I never thought I would miss the terrible book launch wine, I'd give anything to shuffle from foot to foot while drinking red wine that tastes of socks

The interview is conducted via FaceTime, which allows me to have a good gawk at McInerney’s enviably tidy study, spotting photos of the River Lee and Inishbofin and the handwritten lyrics to the song Napoleon by Canadian singer-songwriter Sarah Slean, which she adores and dreams one day of incorporating into a screenplay.

“I’ve always had a great grá for music but never been musically gifted. My mother sent me off with a second-hand accordion once – disaster! We can’t all be rock stars – musicians need fans just like writers need readers.”

Jealous

She is looking fit. Coole Park is within her 5km so she has been running a lot in lockdown, though she is jealous of those writers who can plot as they run, while she has to concentrate on keeping her legs moving. She misses friends a lot. Her best friend’s son is an adorable three and her nana, who raised her, is 88. She would love to go and sit in her kitchen and have a chat but is trying to be the sensible one. Of course, she appreciates others have had it much worse.
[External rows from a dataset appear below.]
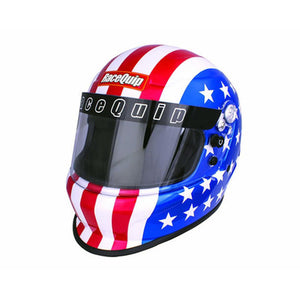 RaceQuip Pro Youth Helmet - SFI24.1 2020 - America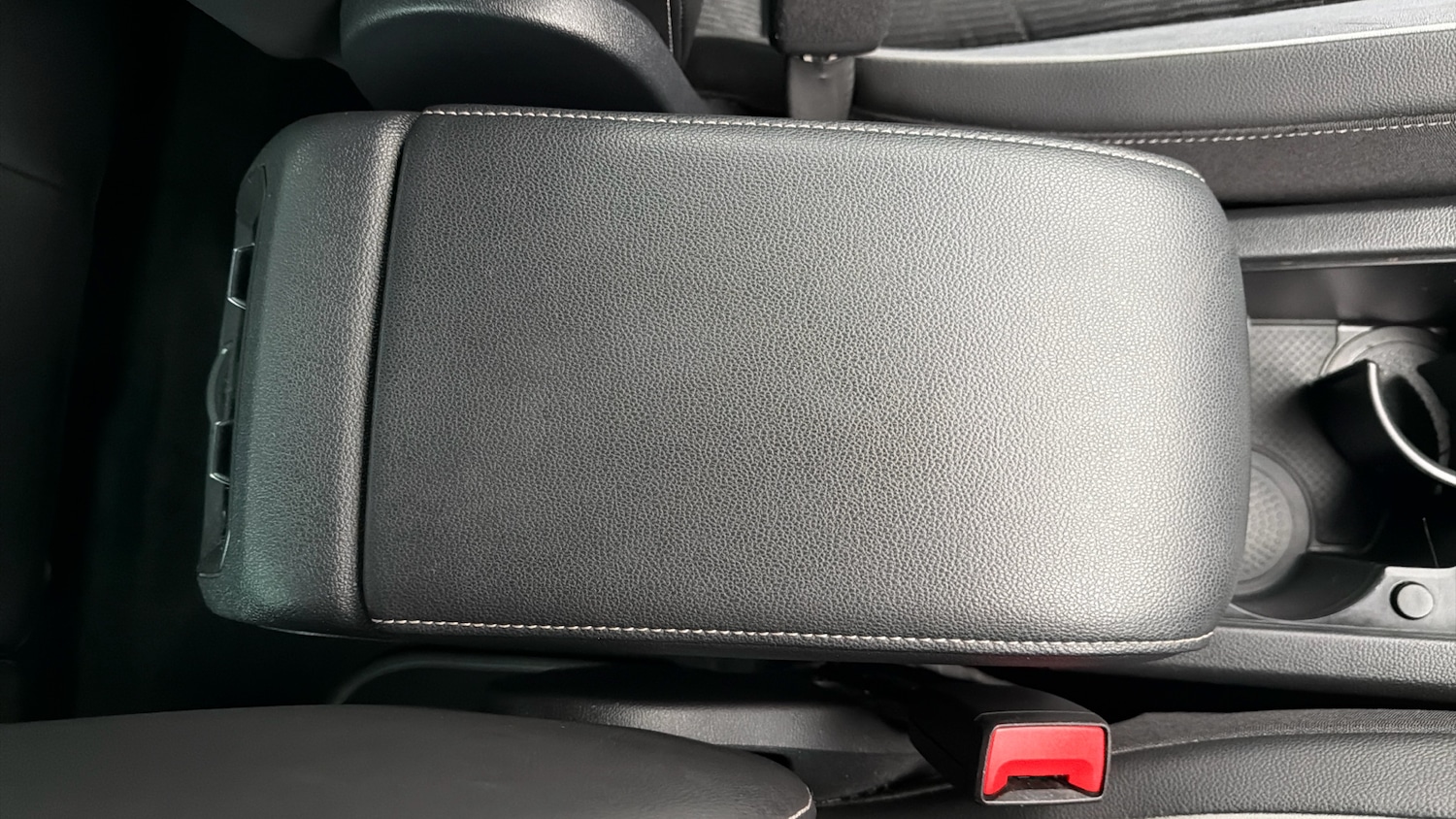 Used Volkswagen Tiguan 2023 for sale - 77248563: Photo 31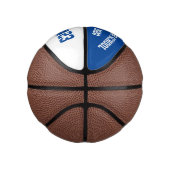 Klasse 20XX Basketball (JEDES JAHR) (Rechts)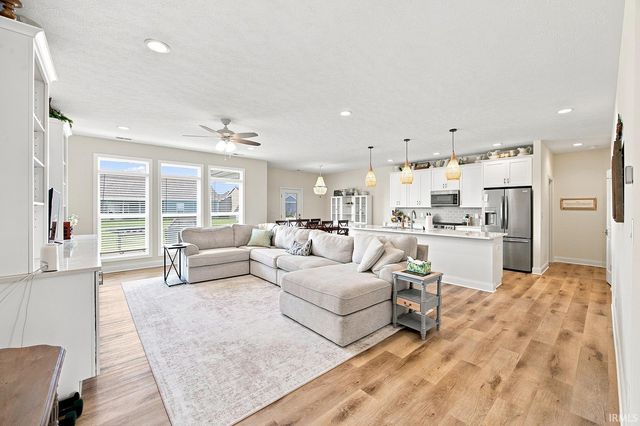 131 Fossey Street, West Lafayette, IN 47906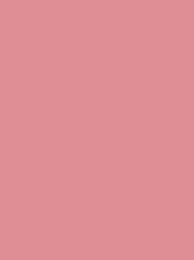 CLASSIC No. 40 1000M  PINK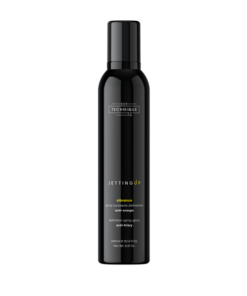 Technique Jetting Up | Spray Gloss - Lucidante anticrespo 300ml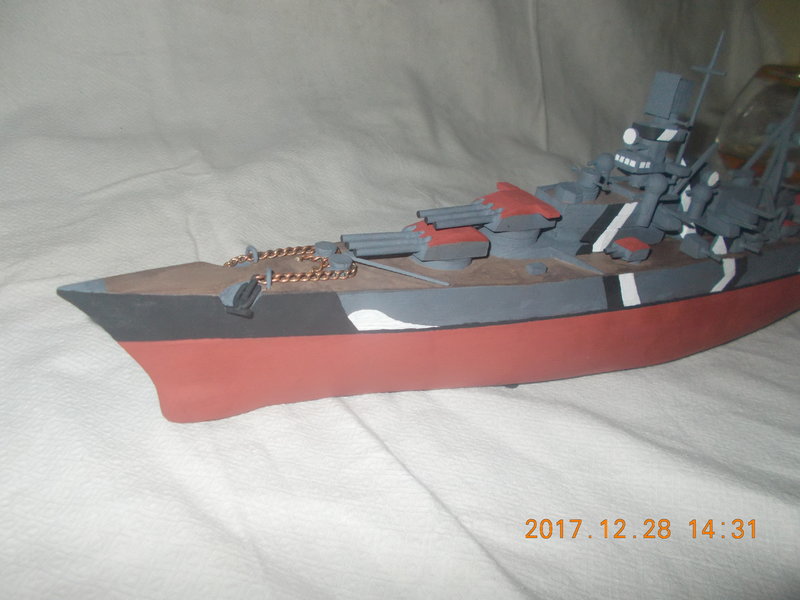 4.JPG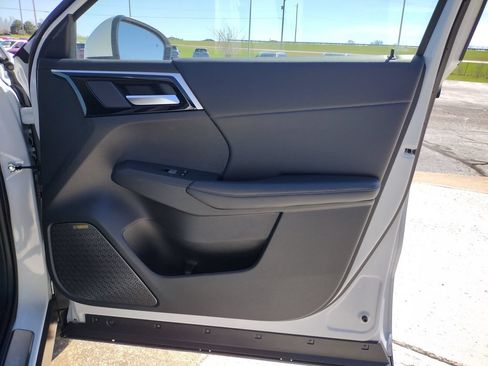 New 2026 Mitsubishi Outlander SE AWD/4WD image 33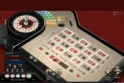 Poker Roulette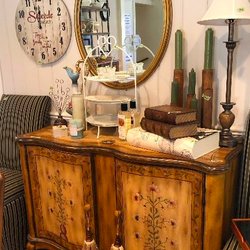 Country Estate Auctions & Estate Liquidators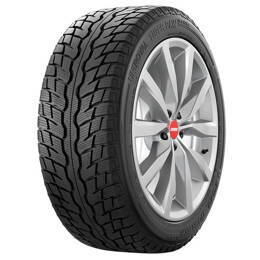 Uniroyal TIGER PAW ICE & SNOW 4 255/65R18 winter tire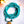 Boutique TIBET | Petit Nalanda COLLIER Mala Turquoises +🎁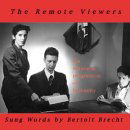 Minimum Programme Of Hum. - The Remote Viewers - Music - Leo - 5024792034222 - June 25, 2002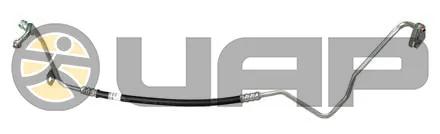 Air Source - MEI09-0668 - 09-0668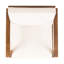 Fauteuils club-1394526555-1394526554-1394526553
Kevin Barry, a mentor who published her first story in 2013 in the Faber anthology he edited – “a Cork city blow-in like me and a great supporter” – launches her book online on May 13th. “I never thought I would miss the terrible book launch wine, I’d give anything to shuffle from foot to foot while someone goes on too long about a book while drinking red wine that tastes of socks.”

Saturday, Boring, her Faber story, is “a rudimentary, primitive version of Ryan and Karine”, although they are not named. “When I go back and read the start of it now, I go, Jesus, someone could have said, this is overwriting, Lisa. But we must progress.”

She has lived with her characters for decades, though, dreaming what their story might be. The end is not goodbye, however. “They are not going anywhere, I can check in and see how they’re getting on. Never say never. When I finished Rules of Revelation I said that’s it now, I’m done, but recently I slipped a bit. You know Roddy went back, checked in on the lads 30 years after The Commitments with The Guts.”

There is also, of course, ITV Studios’ TV adaptation, which was ready to go when Covid happened. A big star was attached, but she can’t say who. She has discovered a talent for screenwriting, which helps pay the bills, although adapting Heresies was challenging. “Everyone says it would make such great TV but there are a lot of difficulties. You have Ryan who grows from 15 to 20 in the space of that book – try to get an actor who can do that.”